** YOUR INSTRUCTIONS **
Could you print exactly the lines of the listing below, starting at the line that has "Modern Hotel Neck" and ending at the line that has "Painted Glass Cup", and only those lines?

** TASK MATERIAL **
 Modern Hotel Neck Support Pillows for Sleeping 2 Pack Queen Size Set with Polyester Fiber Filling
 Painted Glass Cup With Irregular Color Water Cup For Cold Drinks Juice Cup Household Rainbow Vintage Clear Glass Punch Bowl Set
--
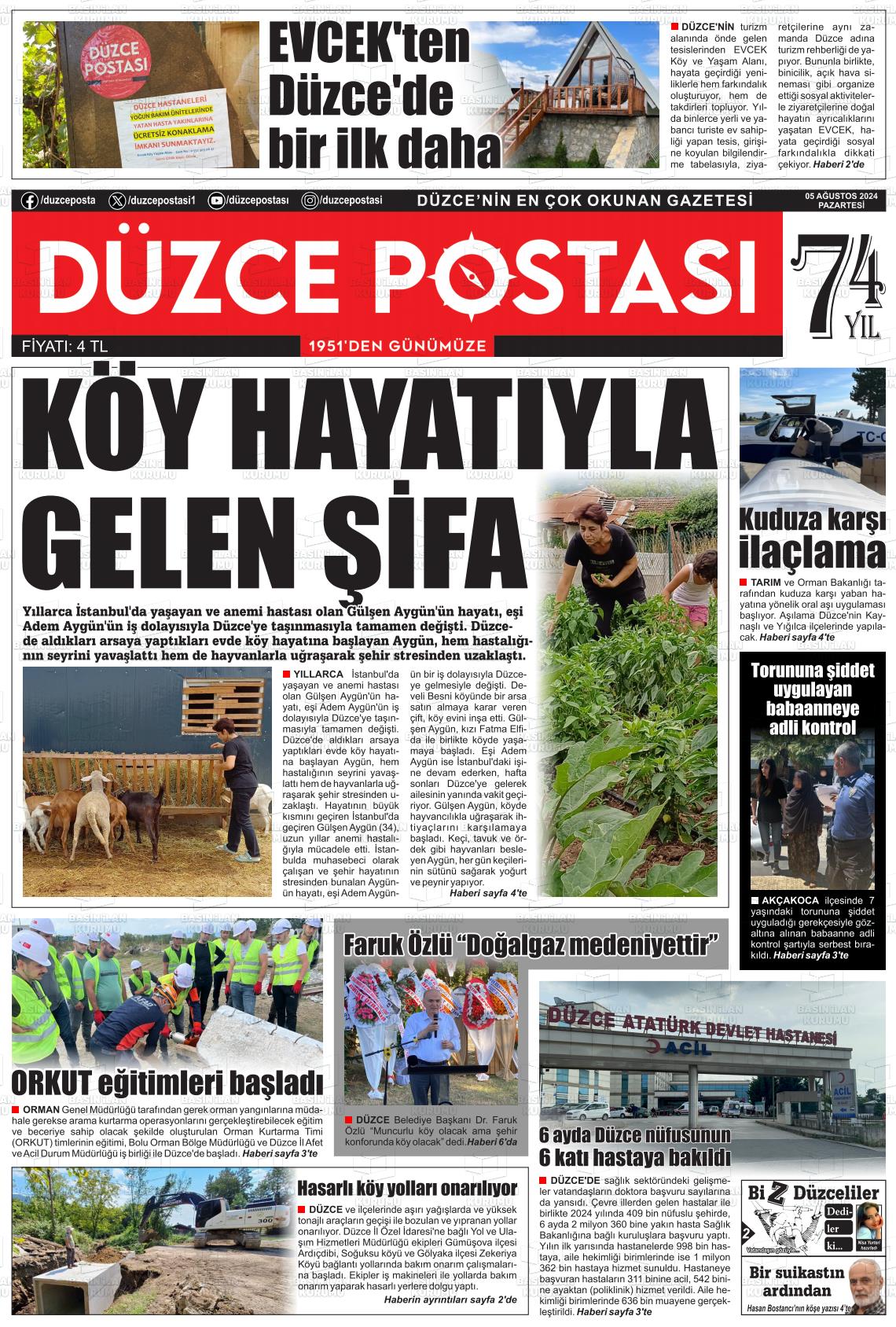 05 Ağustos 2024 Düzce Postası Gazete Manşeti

** WORKED SOLUTION **
 Modern Hotel Neck Support Pillows for Sleeping 2 Pack Queen Size Set with Polyester Fiber Filling
 Painted Glass Cup With Irregular Color Water Cup For Cold Drinks Juice Cup Household Rainbow Vintage Clear Glass Punch Bowl Set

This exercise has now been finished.